Re: Add WALRCV_CONNECTING state to walreceiver

От
Noah Misch
Дата:
On Sun, Dec 14, 2025 at 12:45:46PM +0800, Xuneng Zhou wrote:
> On Fri, Dec 12, 2025 at 9:52 PM Xuneng Zhou <xunengzhou@gmail.com> wrote:
> > On Fri, Dec 12, 2025 at 4:45 PM Xuneng Zhou <xunengzhou@gmail.com> wrote:
> > > On Fri, Dec 12, 2025 at 1:05 PM Noah Misch <noah@leadboat.com> wrote:
> > > > Waiting for applyPtr to advance
> > > > would avoid the short-lived STREAMING.  What's the feasibility of that?
> > >
> > > I think this could work, but with complications. If replay latency is
> > > high or replay is paused with pg_wal_replay_pause, the WalReceiver
> > > would stay in the CONNECTING state longer than expected. Whether this
> > > is ok depends on the definition of the 'connecting' state. For the
> > > implementation, deciding where and when to check applyPtr against LSNs
> > > like receiveStart is more difficult—the WalReceiver doesn't know when
> > > applyPtr advances. While the WalReceiver can read applyPtr from shared
> > > memory, it isn't automatically notified when that pointer advances.

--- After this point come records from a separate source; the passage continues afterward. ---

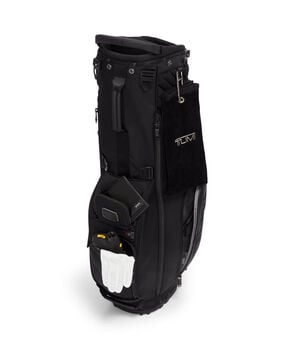 Alpha 3 Golf Stand Bag Alpha 3 Golf Stand Bag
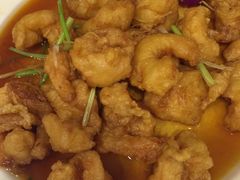 -牟传仁饭庄(星海店)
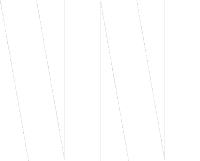 Design Waiting Sticker by WeWantMore.studio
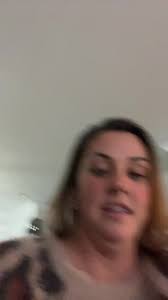 You always have a choice.. Know your worth 💯🩶 #choosehappiness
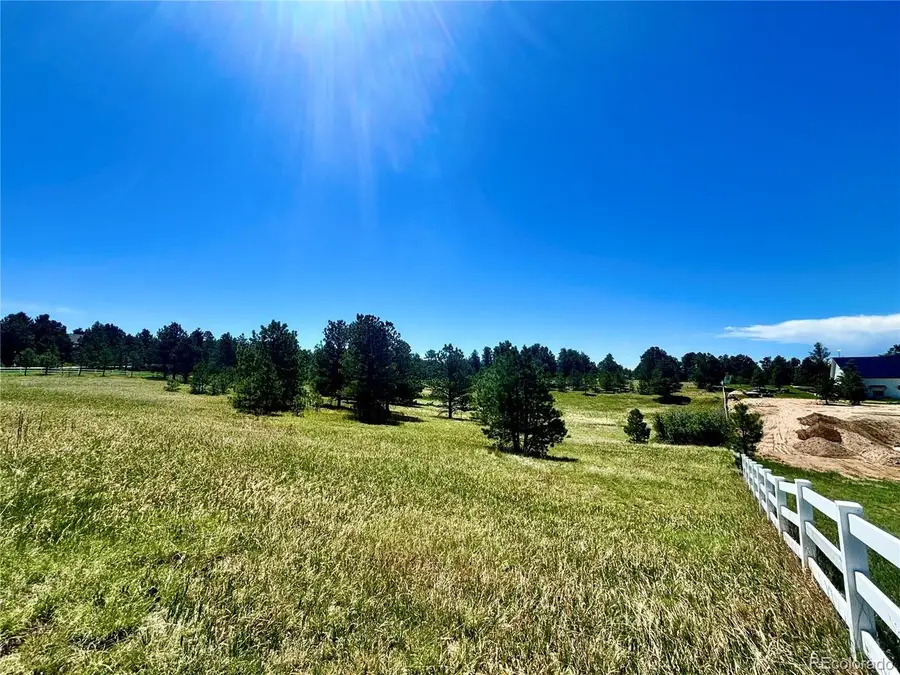 11455 Random Valley Cir, Parker, CO 80134 - #3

> > > This leads to latency between checking and replay if this is done in
> > > the WalReceiver part unless we let the startup process set the state,
> > > which would couple the two components. Am I missing something here?
> >
> > After some thoughts, a potential approach could be to expose a new
> > function in the WAL receiver that transitions the state from
> > CONNECTING to STREAMING. This function can then be invoked directly
> > from WaitForWALToBecomeAvailable in the startup process, ensuring the
> > state change aligns with the actual acceptance of the WAL stream.
> 
> V2 makes the transition from WALRCV_CONNECTING to STREAMING only when
> the first valid WAL record is processed by the startup process. A new
> function WalRcvSetStreaming is introduced to enable the transition.

The original patch set STREAMING in XLogWalRcvFlush().  XLogWalRcvFlush()

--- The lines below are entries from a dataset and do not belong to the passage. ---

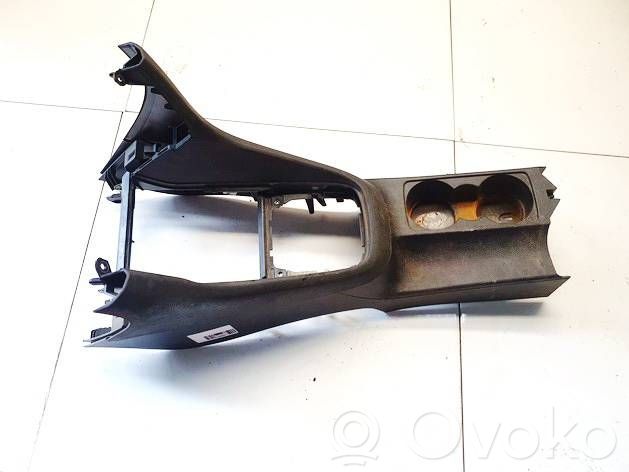 Volkswagen Golf VI Alte piese de interior 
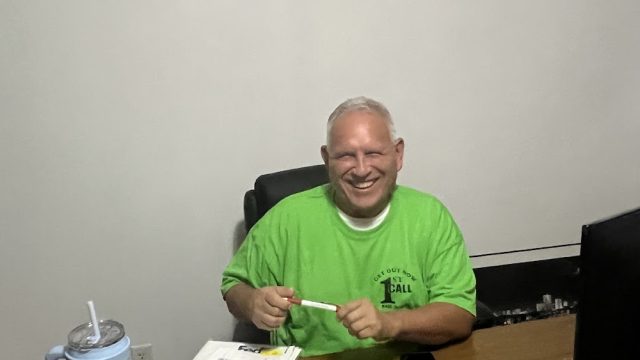 1st Call Bail Bonds Davenport
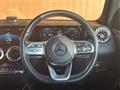 2021 Mercedes-Benz Mercedes-Benz Others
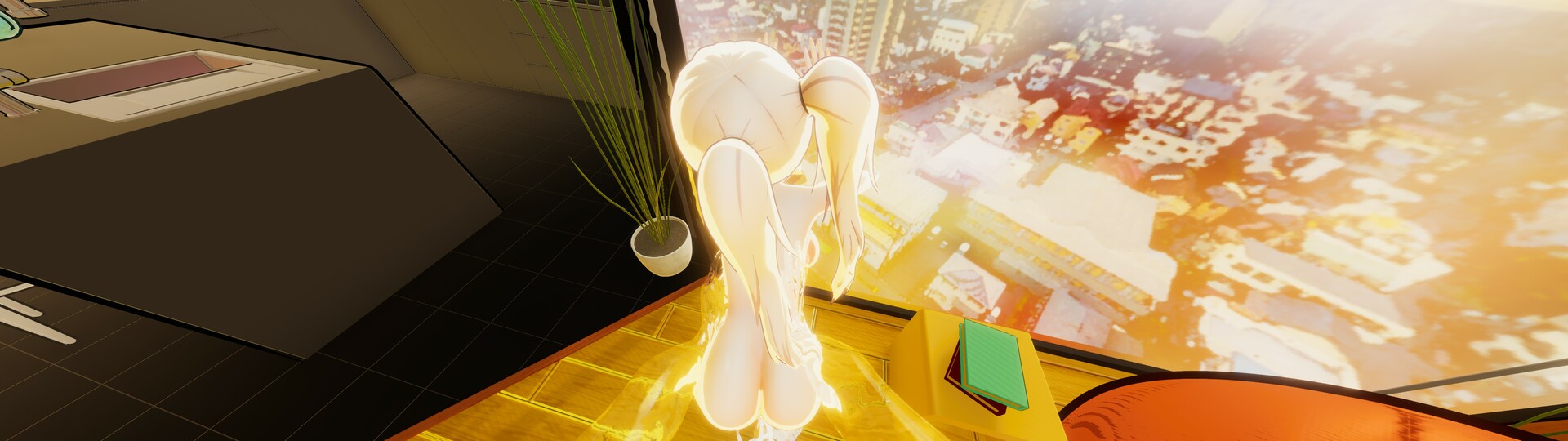 ViRo Playspace screenshot #19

callee XLogWalRcvSendReply() already fetches applyPtr to send a status
message.  So I would try the following before involving the startup process
like v2 does:

1. store the applyPtr when we enter CONNECTING
2. force a status message as long as we remain in CONNECTING
3. become STREAMING when applyPtr differs from the one stored at (1)

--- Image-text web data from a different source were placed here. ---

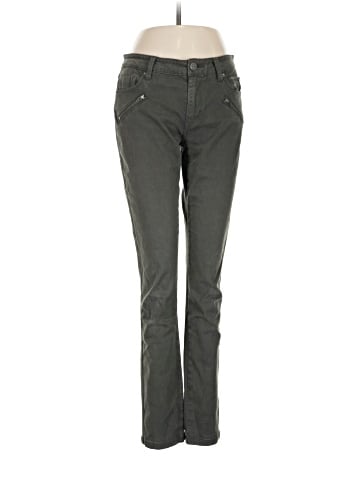 Kenneth Cole New York Casual Pants (view 1)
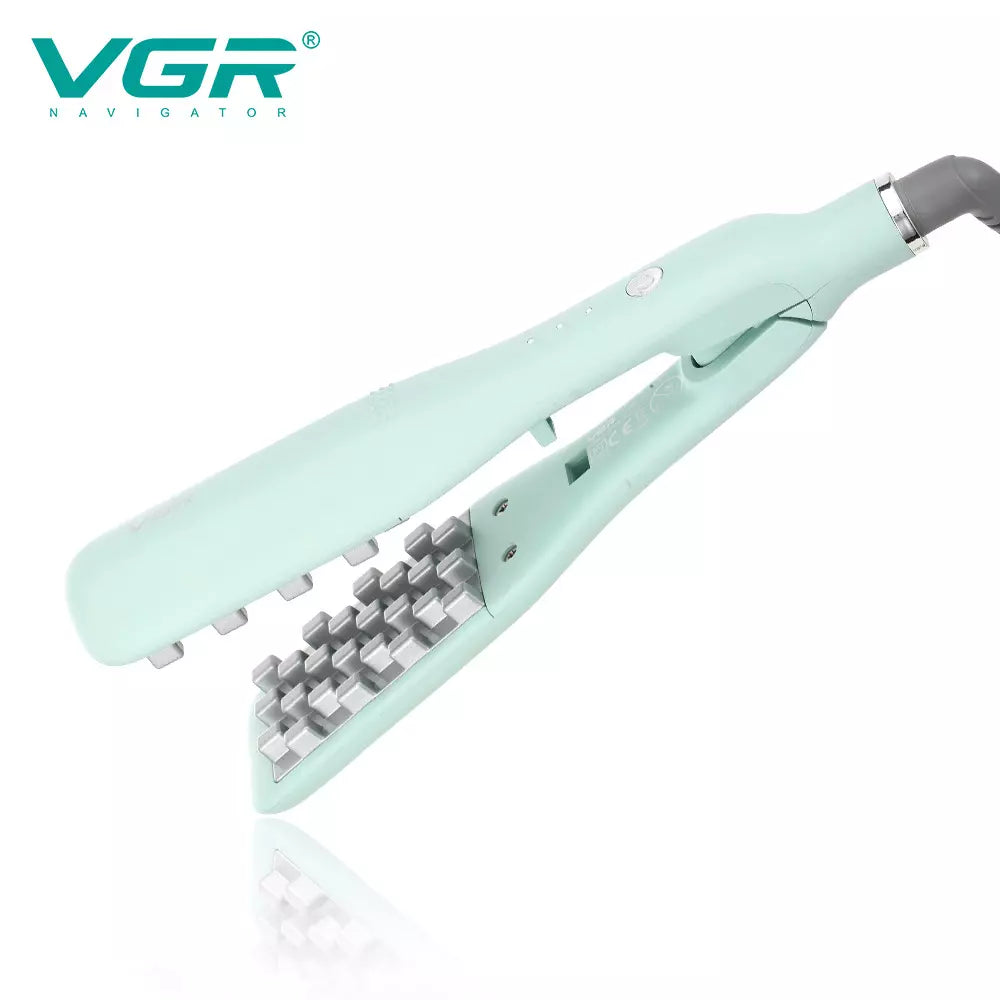 VGR, VGRindia, VGRofficial, VGR V-531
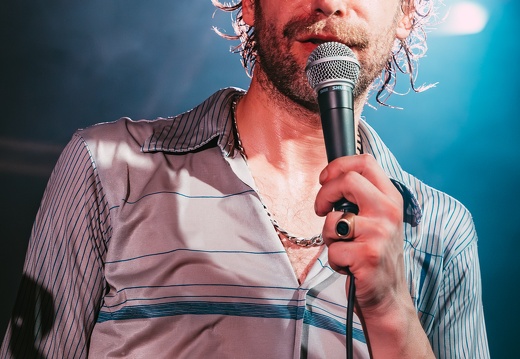 2024 09 07 KuKaV Voodoo Juergens DSC01669 Dominik Riedel Fotografie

A possible issue with all patch versions: when the primary is writing no WAL
and the standby was caught up before this walreceiver started, CONNECTING
could persist for an unbounded amount of time.  Only actual primary WAL
generation would move the walreceiver to STREAMING.  This relates to your
above point about high latency.  If that's a concern, perhaps this change
deserves a total of two new states, CONNECTING and a state that represents
"connection exists, no WAL yet applied"?